Microservices Patterns
WHAT
Patterns for building distributed systems: service decomposition, inter-service communication, data management, and resilience. Helps you avoid the "distributed monolith" anti-pattern.
WHEN
- Decomposing a monolith into microservices
- Designing service boundaries and contracts
- Implementing inter-service communication
- Managing distributed transactions
- Building resilient distributed systems
KEYWORDS
microservices, service mesh, event-driven, saga, circuit breaker, API gateway, service discovery, distributed transactions, eventual consistency, CQRS
Decision Framework: When to Use Microservices
| If you have... | Then... |
|---|---|
| Small team (<5 devs), simple domain | Start with monolith |
| Need independent deployment/scaling | Consider microservices |
| Multiple teams, clear domain boundaries | Microservices work well |
| Tight deadlines, unknown requirements | Monolith first, extract later |
Rule of thumb: If you can't define clear service boundaries, you're not ready for microservices.
Service Decomposition Patterns
Pattern 1: By Business Capability
Organize services around business functions, not technical layers.
E-commerce Example:
├── order-service # Order lifecycle
├── payment-service # Payment processing
├── inventory-service # Stock management
├── shipping-service # Fulfillment
└── notification-service # Emails, SMS
Pattern 2: Strangler Fig (Monolith Migration)
Gradually extract from monolith without big-bang rewrites.
1. Identify bounded context to extract
2. Create new microservice
3. Route new traffic to microservice
4. Gradually migrate existing functionality
5. Remove from monolith when complete
# API Gateway routing during migration
async def route_orders(request):
if request.path.startswith("/api/orders/v2"):
return await new_order_service.forward(request)
else:
return await legacy_monolith.forward(request)
Communication Patterns
Pattern 1: Synchronous (REST/gRPC)
Use for: Queries, when you need immediate response.
import httpx
from tenacity import retry, stop_after_attempt, wait_exponential
class ServiceClient:
def __init__(self, base_url: str):
self.base_url = base_url
self.client = httpx.AsyncClient(timeout=5.0)
@retry(stop=stop_after_attempt(3), wait=wait_exponential(min=1, max=10))
async def get(self, path: str):
"""GET with automatic retries."""
response = await self.client.get(f"{self.base_url}{path}")

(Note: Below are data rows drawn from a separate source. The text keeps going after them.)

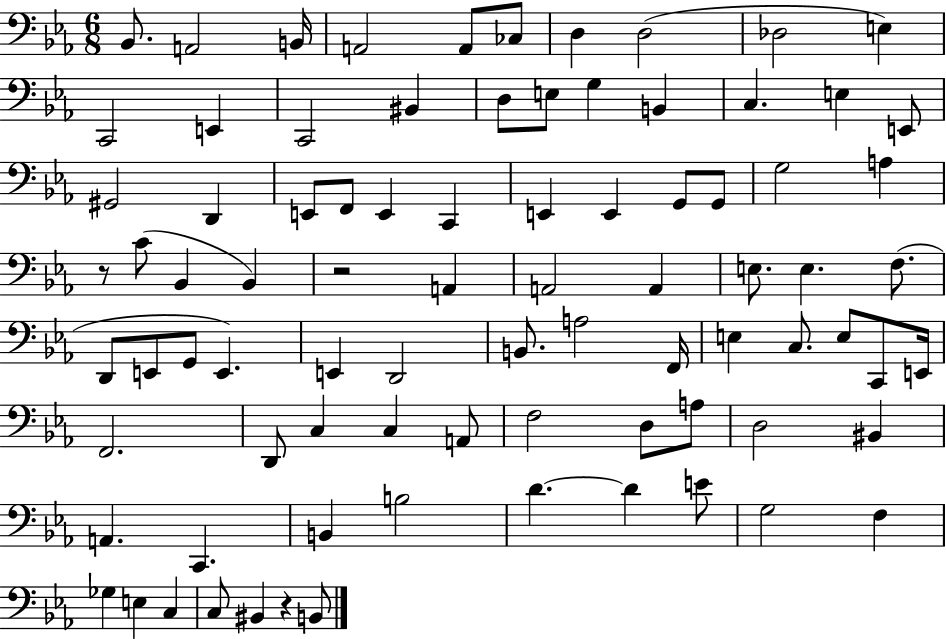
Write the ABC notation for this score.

X:1
T:Untitled
M:6/8
L:1/4
K:Eb
_B,,/2 A,,2 B,,/4 A,,2 A,,/2 _C,/2 D, D,2 _D,2 E, C,,2 E,, C,,2 ^B,, D,/2 E,/2 G, B,, C, E, E,,/2 ^G,,2 D,, E,,/2 F,,/2 E,, C,, E,, E,, G,,/2 G,,/2 G,2 A, z/2 C/2 _B,, _B,, z2 A,, A,,2 A,, E,/2 E, F,/2 D,,/2 E,,/2 G,,/2 E,, E,, D,,2 B,,/2 A,2 F,,/4 E, C,/2 E,/2 C,,/2 E,,/4 F,,2 D,,/2 C, C, A,,/2 F,2 D,/2 A,/2 D,2 ^B,, A,, C,, B,, B,2 D D E/2 G,2 F, _G, E, C, C,/2 ^B,, z B,,/2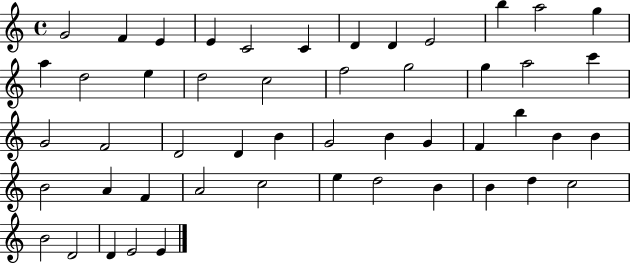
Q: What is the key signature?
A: C major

response.raise_for_status()
return response.json()
# Usage
payment_client = ServiceClient("http://payment-service:8001")
result = await payment_client.get(f"/payments/{payment_id}")
Pattern 2: Asynchronous (Events)
Use for: Commands, when eventual consistency is acceptable.
from aiokafka import AIOKafkaProducer
import json
@dataclass
class DomainEvent:
event_id: str
event_type: str
aggregate_id: str
occurred_at: datetime
data: dict
class EventBus:
def __init__(self, bootstrap_servers: List[str]):
self.producer = AIOKafkaProducer(
bootstrap_servers=bootstrap_servers,
value_serializer=lambda v: json.dumps(v).encode()
)
async def publish(self, event: DomainEvent):
await self.producer.send_and_wait(
event.event_type, # Topic = event type
value=asdict(event),
key=event.aggregate_id.encode()
)
# Order service publishes
await event_bus.publish(DomainEvent(
event_id=str(uuid.uuid4()),
event_type="OrderCreated",
aggregate_id=order.id,
occurred_at=datetime.now(),
data={"order_id": order.id, "customer_id": order.customer_id}
))
# Inventory service subscribes and reacts
async def handle_order_created(event_data: dict):
order_id = event_data["data"]["order_id"]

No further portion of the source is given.